Generalization capabilities of neural networks in lattice applications
This work addresses the challenge of incorporating symmetries into neural networks for lattice applications, offering incremental improvements in domain-specific physics simulations.
The paper tackled the problem of improving performance and generalizability in lattice field theories by using translationally equivariant neural networks, demonstrating that these networks significantly outperform non-equivariant ones in regression and classification tasks, including generalization to unseen physical parameters and different lattice sizes.

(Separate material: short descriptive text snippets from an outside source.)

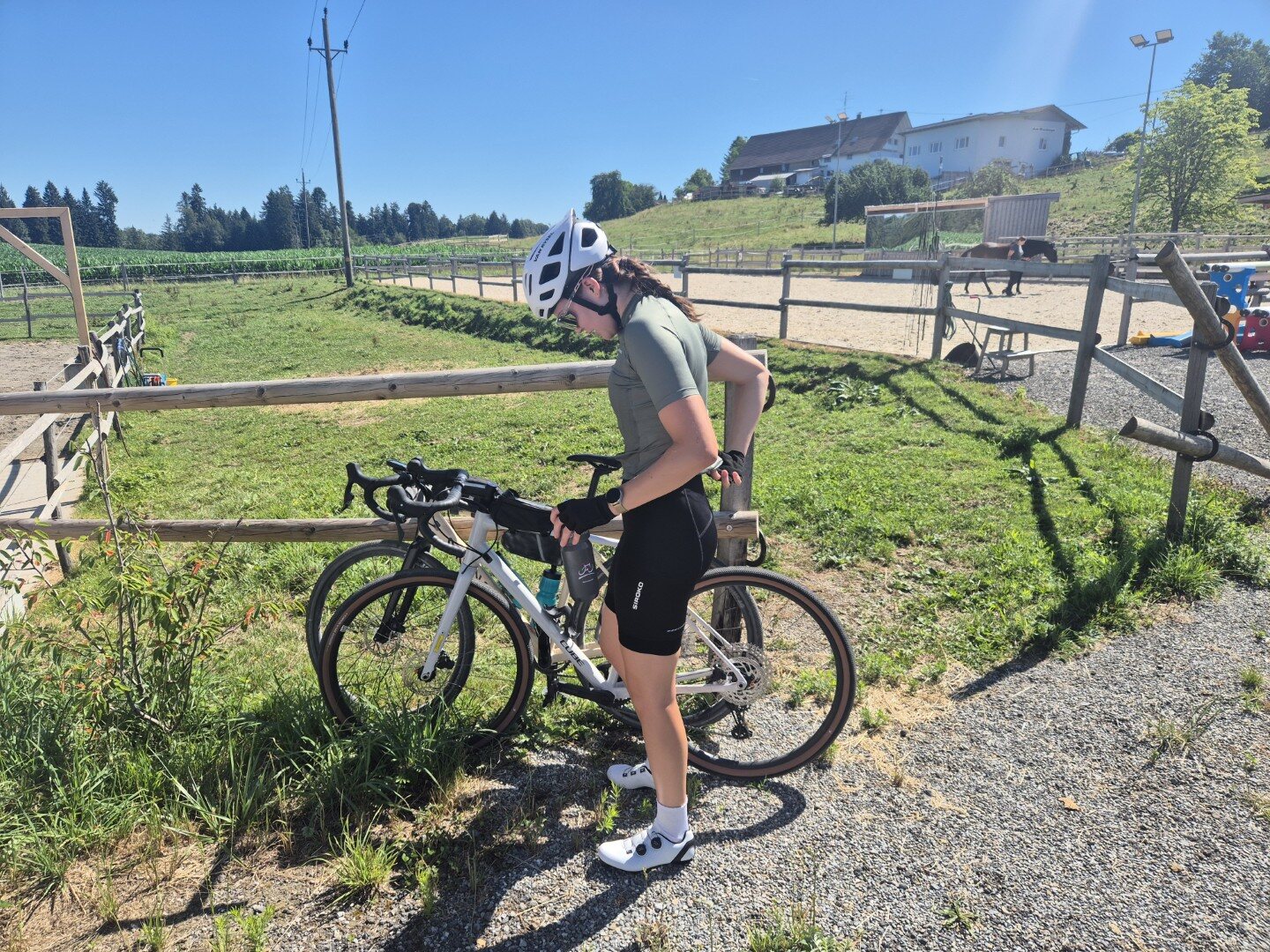 Cyclist pausing beside a rural pasture
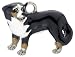 Bernese Mountain Dog Enameled Keychain w/ 5 Charms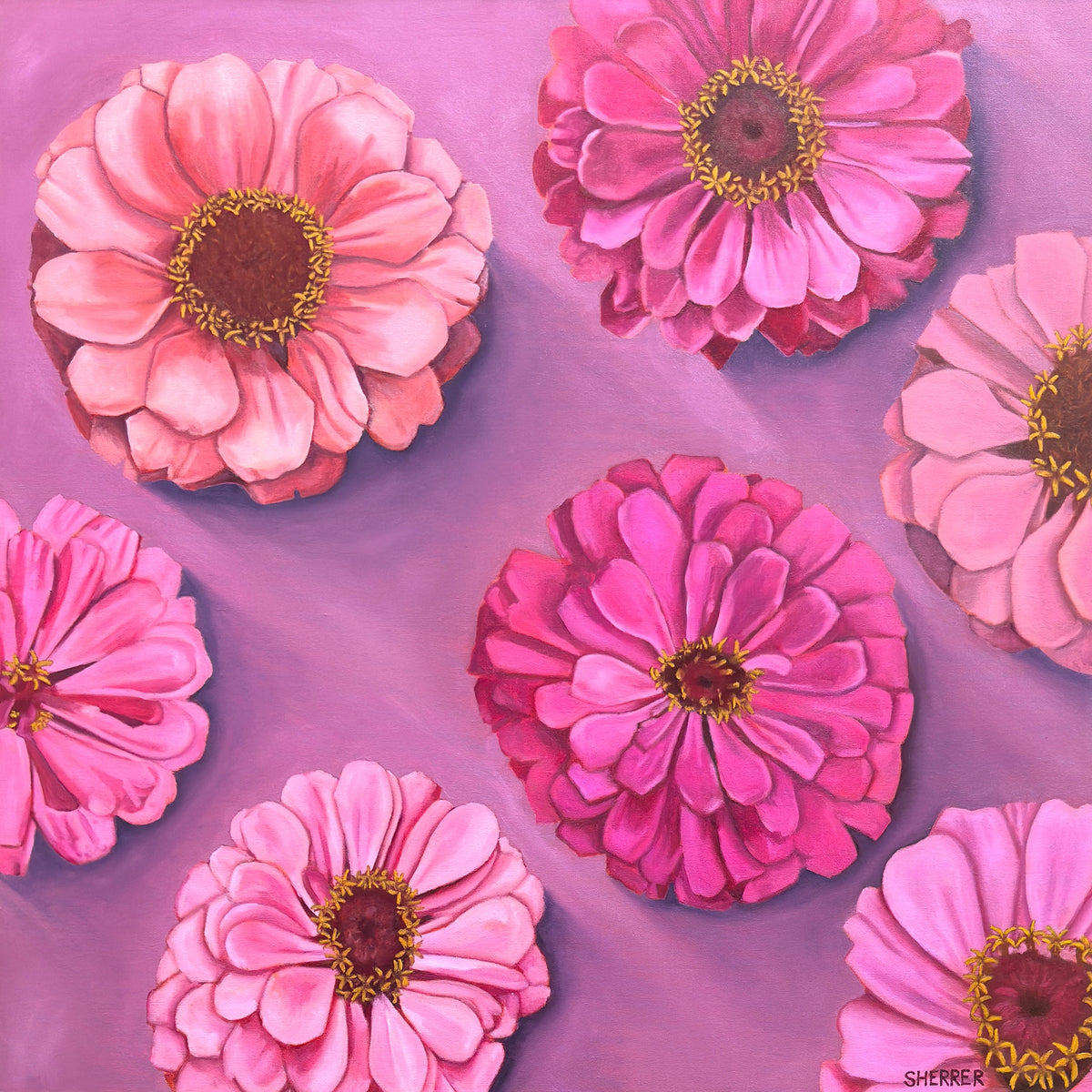 Bold Blooms, original oil painting by Caroline Sherrer, featuring seven pink and magenta zinnia blossoms scattered across a light magenta background. The blossoms cast a strong shadow across the background.
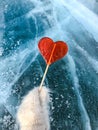 Red lollipop in the shape of a heart holds a hand in a mitten ag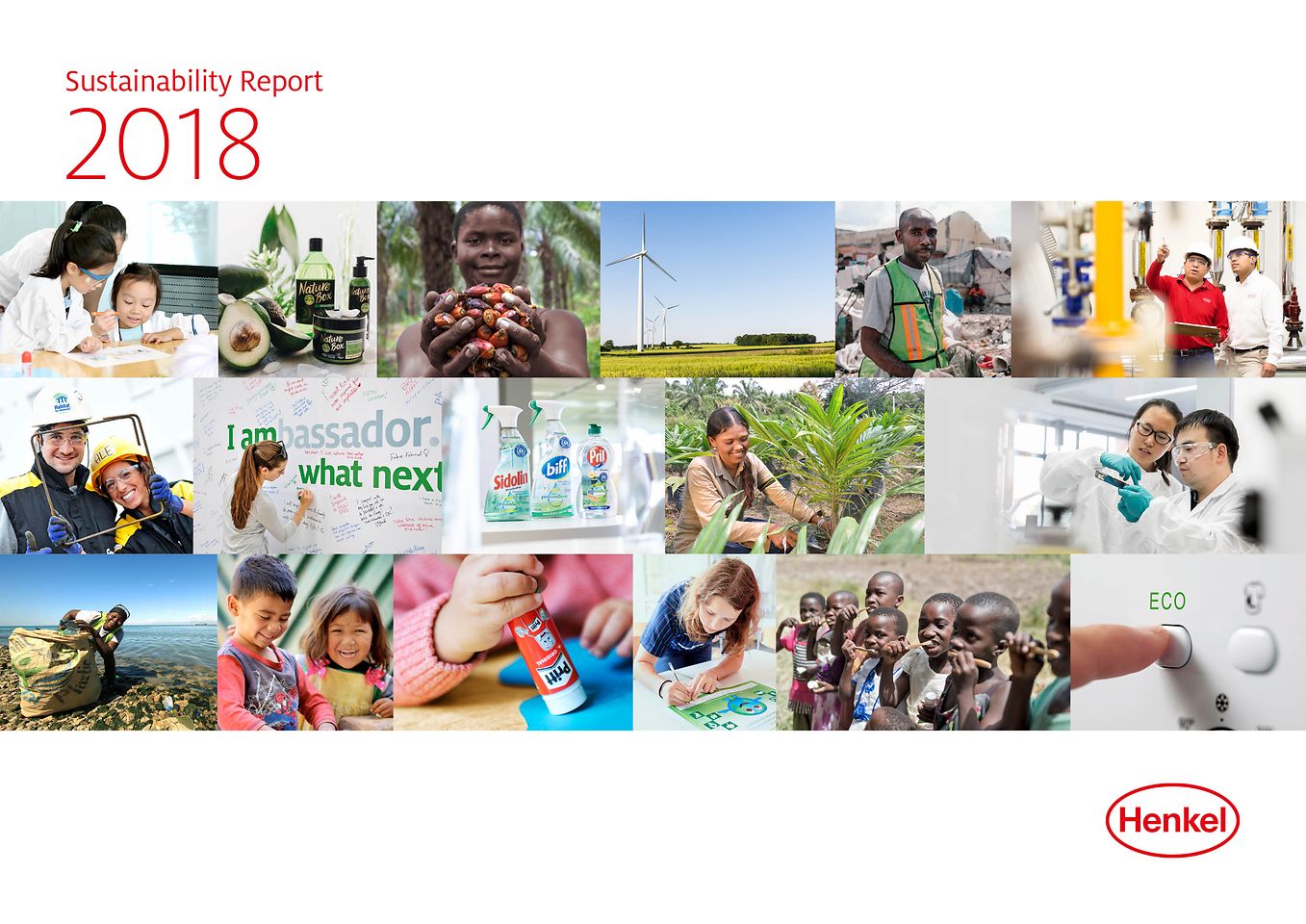 Izveštaj o održivosti za 2018. Godinu (Cover)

In recent years, the use of machine learning has become increasingly popular in the context of lattice field theories. An essential element of such theories is represented by symmetries, whose inclusion in the neural network properties can lead to high reward in terms of performance and generalizability. A fundamental symmetry that usually characterizes physical systems on a lattice with periodic boundary conditions is equivariance under spacetime translations. Here we investigate the advantages of adopting translationally equivariant neural networks in favor of non-equivariant ones. The system we consider is a complex scalar field with quartic interaction on a two-dimensional lattice in the flux representation, on which the networks carry out various regression and classification tasks. Promising equivariant and non-equivariant architectures are identified with a systematic search. We demonstrate that in most of these tasks our best equivariant architectures can perform and generalize significantly better than their non-equivariant counterparts, which applies not only to physical parameters beyond those represented in the training set, but also to different lattice sizes.